## WORK TO BE COMPLETED
Please print every line of the listing, unchanged.
☆ ☆ ☆ ☆ ☆
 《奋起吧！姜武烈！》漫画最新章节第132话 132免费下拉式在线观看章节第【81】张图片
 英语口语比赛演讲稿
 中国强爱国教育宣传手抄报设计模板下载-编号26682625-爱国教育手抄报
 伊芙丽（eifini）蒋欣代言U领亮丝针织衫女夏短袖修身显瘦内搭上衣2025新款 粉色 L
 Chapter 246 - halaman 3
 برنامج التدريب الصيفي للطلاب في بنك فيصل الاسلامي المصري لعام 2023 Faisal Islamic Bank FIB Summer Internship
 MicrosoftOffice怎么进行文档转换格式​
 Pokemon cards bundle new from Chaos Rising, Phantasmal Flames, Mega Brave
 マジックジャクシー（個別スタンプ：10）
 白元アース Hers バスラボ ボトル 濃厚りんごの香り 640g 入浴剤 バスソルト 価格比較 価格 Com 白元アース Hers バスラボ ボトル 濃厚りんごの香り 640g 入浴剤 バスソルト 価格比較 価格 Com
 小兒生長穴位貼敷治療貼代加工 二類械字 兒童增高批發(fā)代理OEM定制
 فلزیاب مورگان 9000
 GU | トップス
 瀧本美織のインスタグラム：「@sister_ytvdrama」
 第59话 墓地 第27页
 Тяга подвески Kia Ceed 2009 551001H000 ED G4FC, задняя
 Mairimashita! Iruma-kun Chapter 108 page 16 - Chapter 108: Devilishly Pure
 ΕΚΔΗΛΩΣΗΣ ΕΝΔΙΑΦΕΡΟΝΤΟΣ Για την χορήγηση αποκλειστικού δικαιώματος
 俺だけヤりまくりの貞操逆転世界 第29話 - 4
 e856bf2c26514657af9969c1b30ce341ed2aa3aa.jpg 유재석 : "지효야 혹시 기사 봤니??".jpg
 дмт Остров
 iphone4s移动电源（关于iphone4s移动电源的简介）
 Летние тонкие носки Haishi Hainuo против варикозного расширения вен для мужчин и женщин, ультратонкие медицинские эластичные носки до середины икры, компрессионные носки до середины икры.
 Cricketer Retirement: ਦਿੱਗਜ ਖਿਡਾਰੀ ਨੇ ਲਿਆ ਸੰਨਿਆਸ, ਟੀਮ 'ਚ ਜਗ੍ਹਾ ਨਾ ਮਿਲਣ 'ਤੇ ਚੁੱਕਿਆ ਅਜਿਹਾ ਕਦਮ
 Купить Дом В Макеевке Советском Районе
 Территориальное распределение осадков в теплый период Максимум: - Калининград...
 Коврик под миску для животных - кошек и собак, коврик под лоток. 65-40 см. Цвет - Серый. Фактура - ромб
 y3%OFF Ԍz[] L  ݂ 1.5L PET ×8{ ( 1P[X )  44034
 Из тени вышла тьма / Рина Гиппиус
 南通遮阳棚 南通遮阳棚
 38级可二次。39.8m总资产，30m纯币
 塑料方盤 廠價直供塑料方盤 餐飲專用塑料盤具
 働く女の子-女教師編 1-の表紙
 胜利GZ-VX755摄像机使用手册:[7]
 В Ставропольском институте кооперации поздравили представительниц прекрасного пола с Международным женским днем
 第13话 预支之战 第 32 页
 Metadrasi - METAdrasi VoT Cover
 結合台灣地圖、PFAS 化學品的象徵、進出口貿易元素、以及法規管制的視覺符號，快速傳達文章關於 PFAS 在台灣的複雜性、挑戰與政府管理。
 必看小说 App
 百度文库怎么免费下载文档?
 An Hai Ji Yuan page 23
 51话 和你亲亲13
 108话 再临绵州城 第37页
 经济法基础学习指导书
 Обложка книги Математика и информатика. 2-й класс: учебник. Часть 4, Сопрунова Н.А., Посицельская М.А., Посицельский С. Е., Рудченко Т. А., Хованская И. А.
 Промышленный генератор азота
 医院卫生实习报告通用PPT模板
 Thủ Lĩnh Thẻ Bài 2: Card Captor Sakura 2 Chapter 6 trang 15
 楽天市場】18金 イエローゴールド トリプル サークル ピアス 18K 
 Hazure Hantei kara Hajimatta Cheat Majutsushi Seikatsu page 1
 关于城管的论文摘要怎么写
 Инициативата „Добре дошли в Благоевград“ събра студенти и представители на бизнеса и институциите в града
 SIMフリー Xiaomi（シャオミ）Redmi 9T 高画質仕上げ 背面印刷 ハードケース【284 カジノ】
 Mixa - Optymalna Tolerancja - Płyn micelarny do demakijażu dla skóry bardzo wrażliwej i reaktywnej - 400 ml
☆ ☆ ☆ ☆ ☆
## TASK OUTPUT
 《奋起吧！姜武烈！》漫画最新章节第132话 132免费下拉式在线观看章节第【81】张图片
 英语口语比赛演讲稿
 中国强爱国教育宣传手抄报设计模板下载-编号26682625-爱国教育手抄报
 伊芙丽（eifini）蒋欣代言U领亮丝针织衫女夏短袖修身显瘦内搭上衣2025新款 粉色 L
 Chapter 246 - halaman 3
 برنامج التدريب الصيفي للطلاب في بنك فيصل الاسلامي المصري لعام 2023 Faisal Islamic Bank FIB Summer Internship
 MicrosoftOffice怎么进行文档转换格式​
 Pokemon cards bundle new from Chaos Rising, Phantasmal Flames, Mega Brave
 マジックジャクシー（個別スタンプ：10）
 白元アース Hers バスラボ ボトル 濃厚りんごの香り 640g 入浴剤 バスソルト 価格比較 価格 Com 白元アース Hers バスラボ ボトル 濃厚りんごの香り 640g 入浴剤 バスソルト 価格比較 価格 Com
 小兒生長穴位貼敷治療貼代加工 二類械字 兒童增高批發(fā)代理OEM定制
 فلزیاب مورگان 9000
 GU | トップス
 瀧本美織のインスタグラム：「@sister_ytvdrama」
 第59话 墓地 第27页
 Тяга подвески Kia Ceed 2009 551001H000 ED G4FC, задняя
 Mairimashita! Iruma-kun Chapter 108 page 16 - Chapter 108: Devilishly Pure
 ΕΚΔΗΛΩΣΗΣ ΕΝΔΙΑΦΕΡΟΝΤΟΣ Για την χορήγηση αποκλειστικού δικαιώματος
 俺だけヤりまくりの貞操逆転世界 第29話 - 4
 e856bf2c26514657af9969c1b30ce341ed2aa3aa.jpg 유재석 : "지효야 혹시 기사 봤니??".jpg
 дмт Остров
 iphone4s移动电源（关于iphone4s移动电源的简介）
 Летние тонкие носки Haishi Hainuo против варикозного расширения вен для мужчин и женщин, ультратонкие медицинские эластичные носки до середины икры, компрессионные носки до середины икры.
 Cricketer Retirement: ਦਿੱਗਜ ਖਿਡਾਰੀ ਨੇ ਲਿਆ ਸੰਨਿਆਸ, ਟੀਮ 'ਚ ਜਗ੍ਹਾ ਨਾ ਮਿਲਣ 'ਤੇ ਚੁੱਕਿਆ ਅਜਿਹਾ ਕਦਮ
 Купить Дом В Макеевке Советском Районе
 Территориальное распределение осадков в теплый период Максимум: - Калининград...
 Коврик под миску для животных - кошек и собак, коврик под лоток. 65-40 см. Цвет - Серый. Фактура - ромб
 y3%OFF Ԍz[] L  ݂ 1.5L PET ×8{ ( 1P[X )  44034
 Из тени вышла тьма / Рина Гиппиус
 南通遮阳棚 南通遮阳棚
 38级可二次。39.8m总资产，30m纯币
 塑料方盤 廠價直供塑料方盤 餐飲專用塑料盤具
 働く女の子-女教師編 1-の表紙
 胜利GZ-VX755摄像机使用手册:[7]
 В Ставропольском институте кооперации поздравили представительниц прекрасного пола с Международным женским днем
 第13话 预支之战 第 32 页
 Metadrasi - METAdrasi VoT Cover
 結合台灣地圖、PFAS 化學品的象徵、進出口貿易元素、以及法規管制的視覺符號，快速傳達文章關於 PFAS 在台灣的複雜性、挑戰與政府管理。
 必看小说 App
 百度文库怎么免费下载文档?
 An Hai Ji Yuan page 23
 51话 和你亲亲13
 108话 再临绵州城 第37页
 经济法基础学习指导书
 Обложка книги Математика и информатика. 2-й класс: учебник. Часть 4, Сопрунова Н.А., Посицельская М.А., Посицельский С. Е., Рудченко Т. А., Хованская И. А.
 Промышленный генератор азота
 医院卫生实习报告通用PPT模板
 Thủ Lĩnh Thẻ Bài 2: Card Captor Sakura 2 Chapter 6 trang 15
 楽天市場】18金 イエローゴールド トリプル サークル ピアス 18K 
 Hazure Hantei kara Hajimatta Cheat Majutsushi Seikatsu page 1
 关于城管的论文摘要怎么写
 Инициативата „Добре дошли в Благоевград“ събра студенти и представители на бизнеса и институциите в града
 SIMフリー Xiaomi（シャオミ）Redmi 9T 高画質仕上げ 背面印刷 ハードケース【284 カジノ】
 Mixa - Optymalna Tolerancja - Płyn micelarny do demakijażu dla skóry bardzo wrażliwej i reaktywnej - 400 ml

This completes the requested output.